I am not happy about inequalities, but an inherent part of capitalism is that there are inequalities. The principle is that if you work hard and study hard, you can move ahead. What I am saying is that we must focus on fixing the unequal distribution of opportunities. Everyone should have a chance to thrive in this system, and I’m concerned that this aspect of capitalism, of this social contract, has fallen away.
Why do you think it happened?
There are a couple of reasons. First: technology, which is leading to increased returns. Five people can get together and create a multi-billion dollar business. But not everyone can go to the right school, and if you don’t have the right opportunities in terms of education, it becomes difficult to succeed. I think the global education system has become more stratified, especially when you think about parts of China, where people are paying $50,000 a year to send their kids to kindergarten. Education systems will have to change.

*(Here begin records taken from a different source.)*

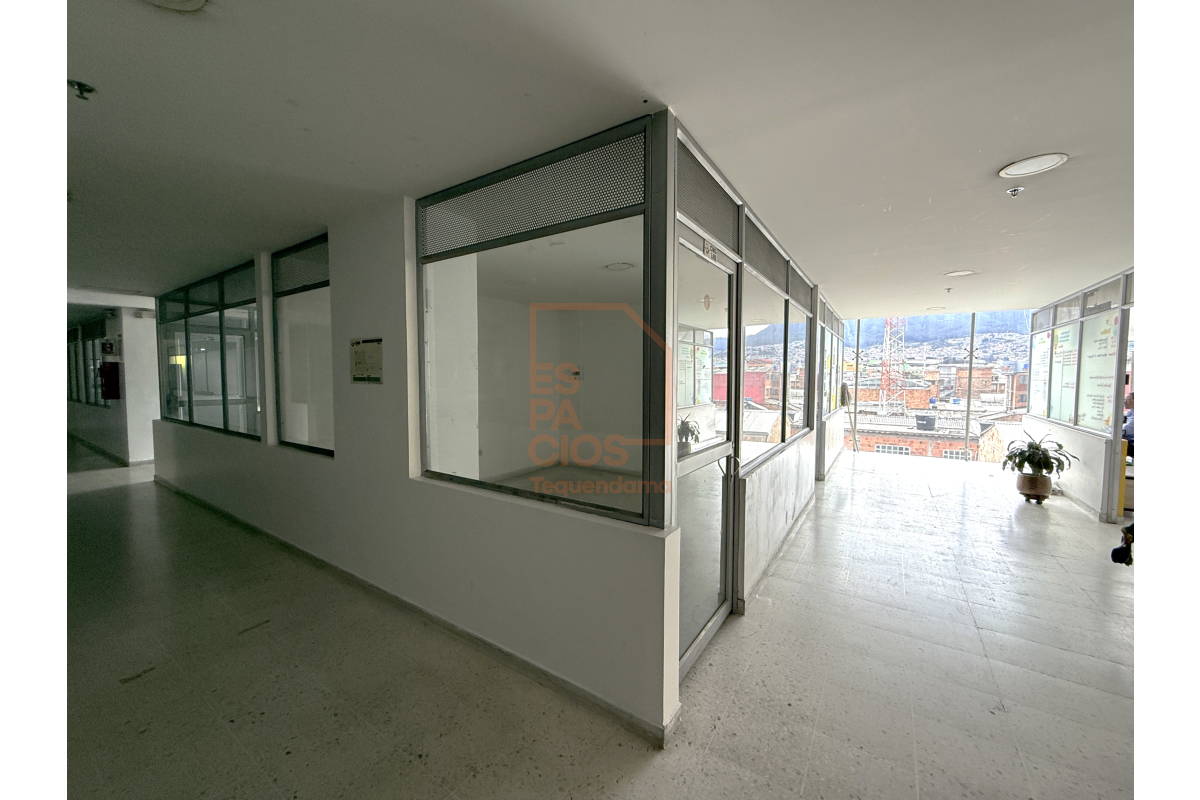 Locales en Arriendo, Ricaurte Bogotá - LOARBAHIA 3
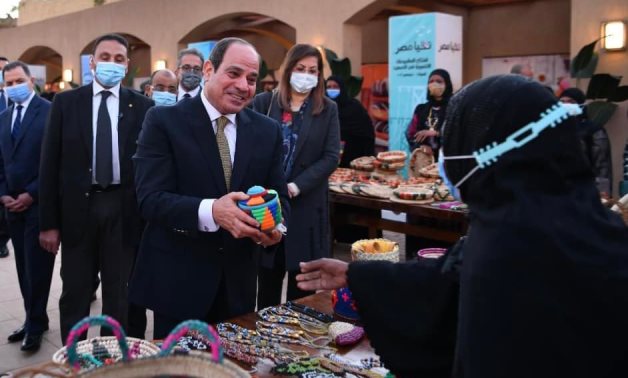 Egyptian President Abdel Fattah El Sisi inspects the handicraft exhibition in Upper Egypt’s Aswan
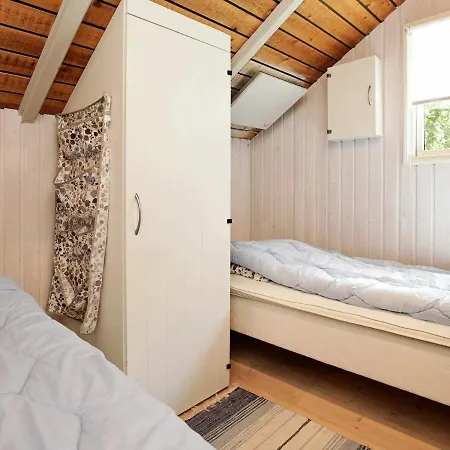 Three-bedroom Holiday In 3 * Nordenbro Vesteregn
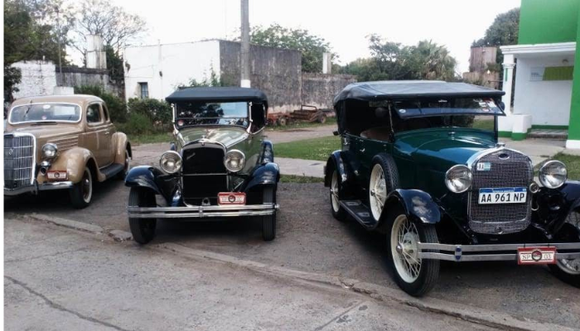 Rat Rod: hacer trompos y exposición de autos armados o modificados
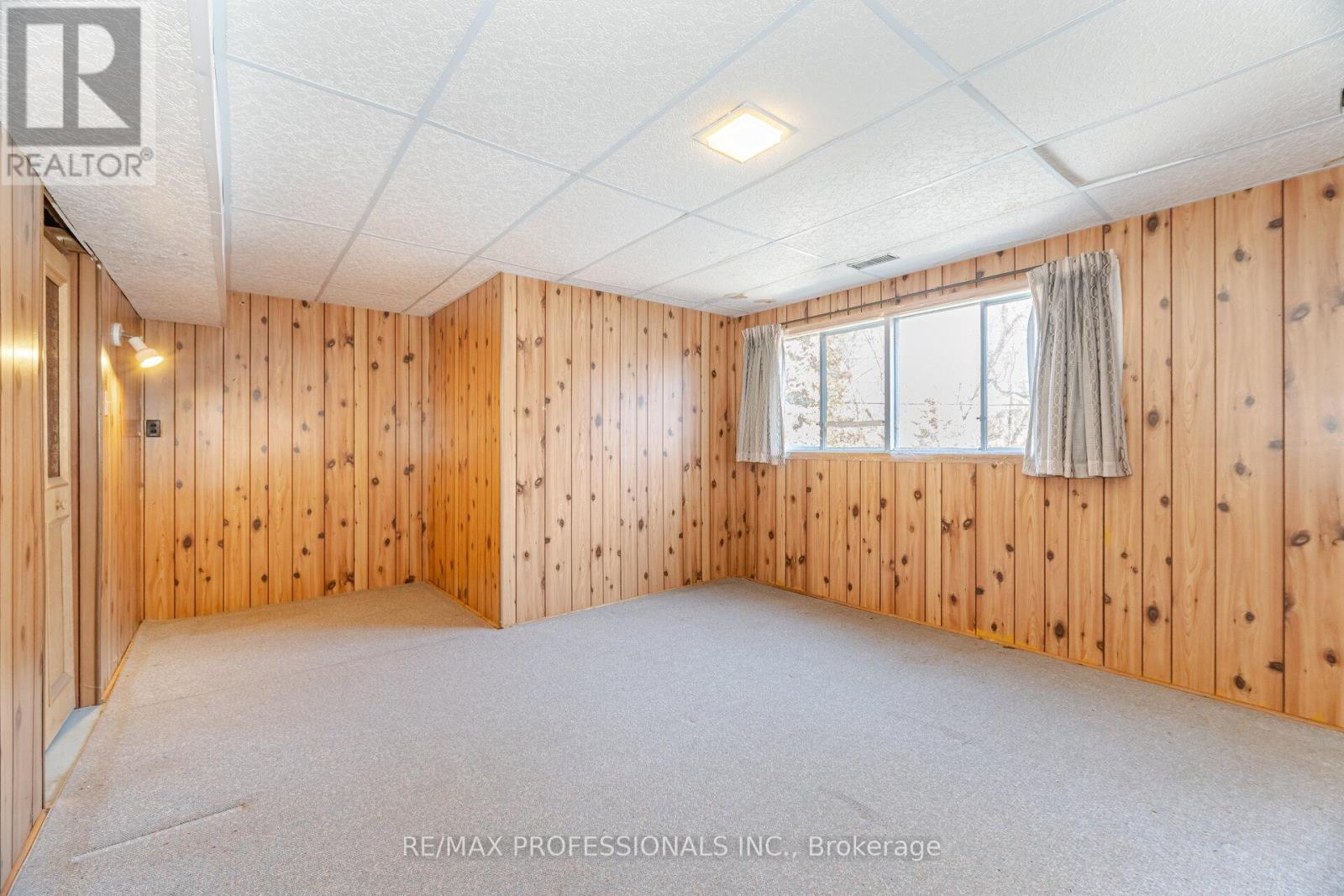 37 Thicket Road, Toronto, Ontario  M9C 2T4 - Photo 37 - W12159201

One thing I also worry about is the reskilling challenge. The whole idea that we are going to have a truck driver become a software engineer is something that will require a lot of effort. We cannot simply tell a whole group of unemployed people: “Don’t worry, a lot of new jobs will be created.” The question is: how do we get from A to B?
It goes back to what Adam Smith said: entrepreneurs have a duty to take care of the society in which they operate.
So do you think these changes towards inclusive capitalism must come mostly from businesses, or also from governments?
I think businesses have to play a lead role, and we are beginning to see them play this role. For example, Blackrock now asks what the purpose of a company is and doesn’t only look at its objective of profitability. A number of people are pushing in that direction, but we have to push harder because, otherwise, rising forces like populism could challenge the entire system.